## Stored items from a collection
------------------------------

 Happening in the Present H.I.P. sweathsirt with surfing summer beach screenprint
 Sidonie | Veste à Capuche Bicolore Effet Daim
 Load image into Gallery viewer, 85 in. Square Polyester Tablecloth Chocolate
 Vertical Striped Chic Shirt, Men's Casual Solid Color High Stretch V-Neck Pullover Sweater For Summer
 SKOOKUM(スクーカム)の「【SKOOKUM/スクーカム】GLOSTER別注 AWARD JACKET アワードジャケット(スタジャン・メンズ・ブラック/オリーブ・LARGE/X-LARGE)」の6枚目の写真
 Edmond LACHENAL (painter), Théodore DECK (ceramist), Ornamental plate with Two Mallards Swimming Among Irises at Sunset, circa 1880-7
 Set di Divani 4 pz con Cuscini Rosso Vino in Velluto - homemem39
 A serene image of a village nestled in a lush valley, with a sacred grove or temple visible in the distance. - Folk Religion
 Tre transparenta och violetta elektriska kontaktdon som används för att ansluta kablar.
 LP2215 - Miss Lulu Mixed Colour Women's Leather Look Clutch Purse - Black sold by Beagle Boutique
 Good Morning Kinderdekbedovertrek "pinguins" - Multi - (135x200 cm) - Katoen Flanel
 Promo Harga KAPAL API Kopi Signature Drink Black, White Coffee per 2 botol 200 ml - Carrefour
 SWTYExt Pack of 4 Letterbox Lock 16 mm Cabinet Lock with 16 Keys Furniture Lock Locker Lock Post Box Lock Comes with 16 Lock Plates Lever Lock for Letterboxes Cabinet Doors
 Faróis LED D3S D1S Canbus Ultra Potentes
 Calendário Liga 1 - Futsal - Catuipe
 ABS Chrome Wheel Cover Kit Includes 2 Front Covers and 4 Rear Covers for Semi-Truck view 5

------------------------------

## BRIEF
Output, exactly and in full, the lines from the start of the entries above through the line that contains "Edmond LACHENAL (painter), Théodore".

## TASK OUTPUT
 Happening in the Present H.I.P. sweathsirt with surfing summer beach screenprint
 Sidonie | Veste à Capuche Bicolore Effet Daim
 Load image into Gallery viewer, 85 in. Square Polyester Tablecloth Chocolate
 Vertical Striped Chic Shirt, Men's Casual Solid Color High Stretch V-Neck Pullover Sweater For Summer
 SKOOKUM(スクーカム)の「【SKOOKUM/スクーカム】GLOSTER別注 AWARD JACKET アワードジャケット(スタジャン・メンズ・ブラック/オリーブ・LARGE/X-LARGE)」の6枚目の写真
 Edmond LACHENAL (painter), Théodore DECK (ceramist), Ornamental plate with Two Mallards Swimming Among Irises at Sunset, circa 1880-7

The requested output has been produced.